An adaptive transfer learning perspective on classification in non-stationary environments
Henry W J Reeve
TL;DR
This work develops an adaptive transfer-learning framework for binary classification under non-stationary label-shift by decoupling estimation of the transformed density ratio $\eta$ from estimation of the current label probability $\pi_n$. It introduces a Legendre-polynomial-based estimator for $\pi_n$ and a local-confidence-bound approach for $\eta$, enabling a fully adaptive plug-in classifier $\hat{\varphi}_n$ without prior knowledge of the dynamics.

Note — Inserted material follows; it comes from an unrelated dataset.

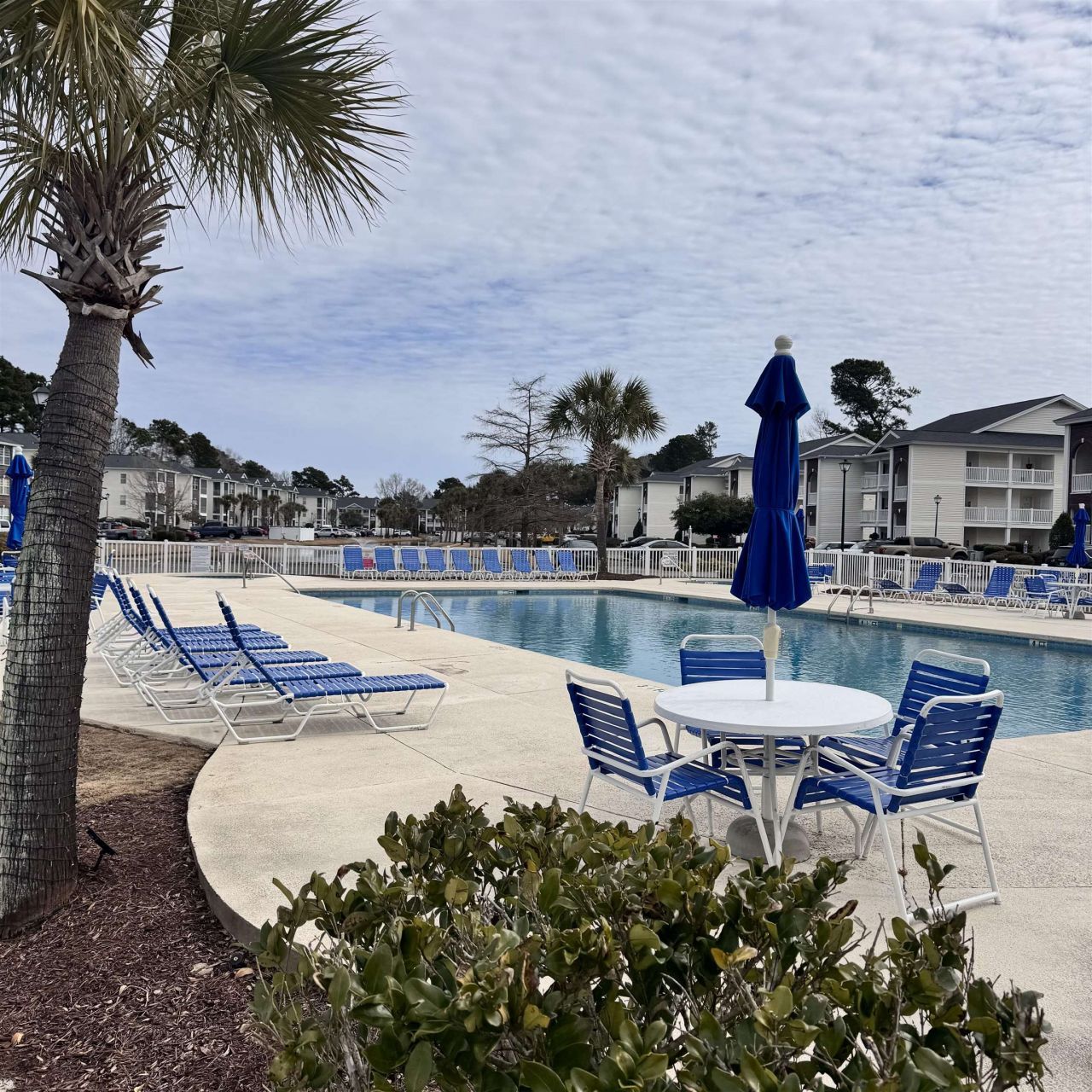 1294 River Oaks Dr. Photo 4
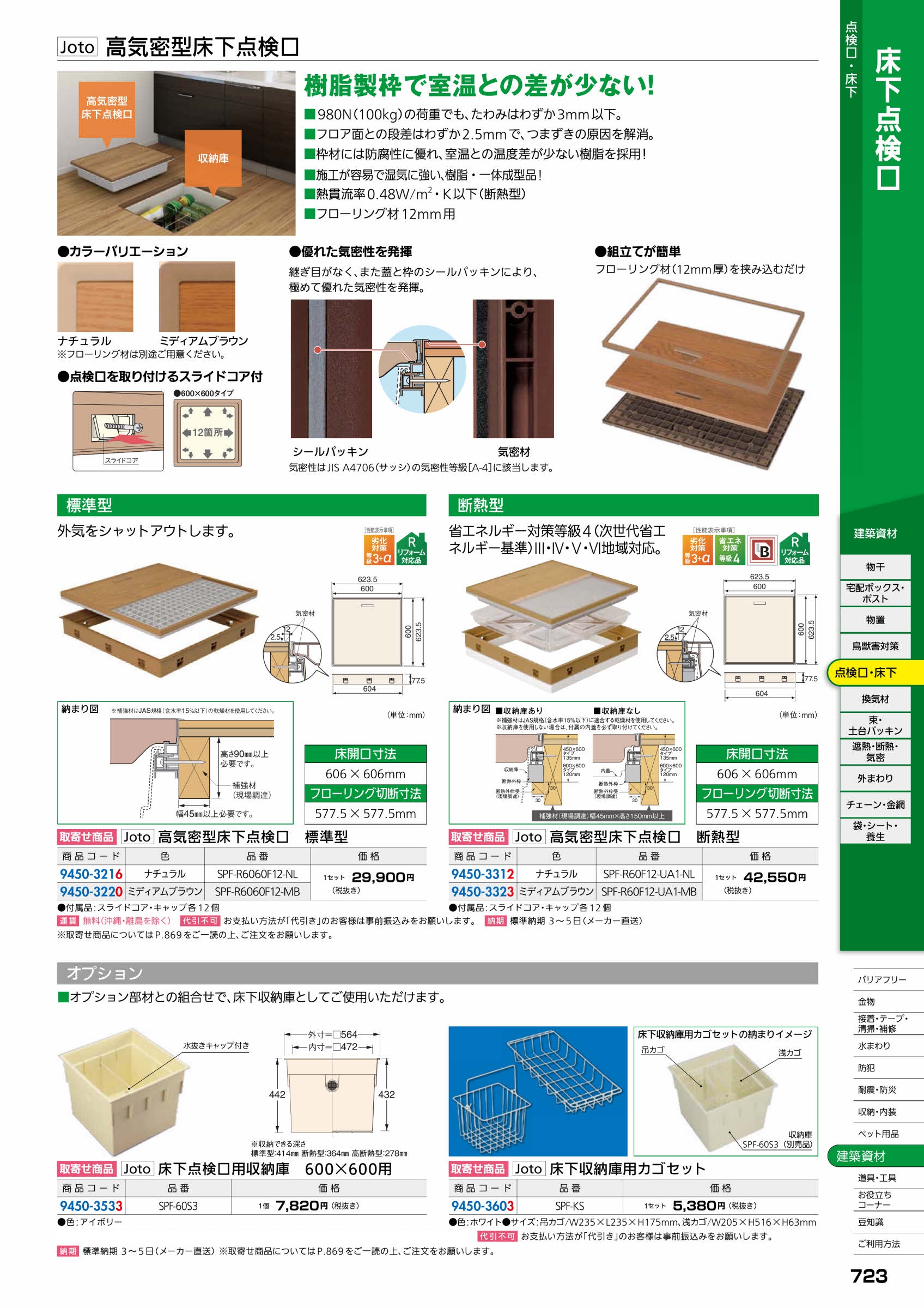 toooさまご購入予定品 182315 金象印 キャリーラック 金網付 L 1台 浅香工業 【通販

The authors prove high-probability bounds for single-time-step excess risk and derive average dynamic-regret bounds that accommodate smooth evolution and occasional jumps in label marginals, expressed in terms of $\mathbb{V}(\pi)$ or related variation metrics. The results unify adaptive statistical estimation with sequential decision guarantees, highlighting the merit of an estimation-centered perspective in non-stationary transfer learning. Overall, the paper provides concrete, distribution-dependent error controls and shows that adaptive estimation can match or approach online-dynamic strategies in non-stationary environments.
Abstract
We consider a semi-supervised classification problem with non-stationary label-shift in which we observe a labelled data set followed by a sequence of unlabelled covariate vectors in which the marginal probabilities of the class labels may change over time. Our objective is to predict the corresponding class-label for each covariate vector, without ever observing the ground-truth labels, beyond the initial labelled data set. Previous work has demonstrated the potential of sophisticated variants of online gradient descent to perform competitively with the optimal dynamic strategy (Bai et al. 2022). In this work we explore an alternative approach grounded in statistical methods for adaptive transfer learning. We demonstrate the merits of this alternative methodology by establishing a high-probability regret bound on the test error at any given individual test-time, which adapt automatically to the unknown dynamics of the marginal label probabilities. Further more, we give bounds on the average dynamic regret which match the average guarantees of the online learning perspective for any given time interval.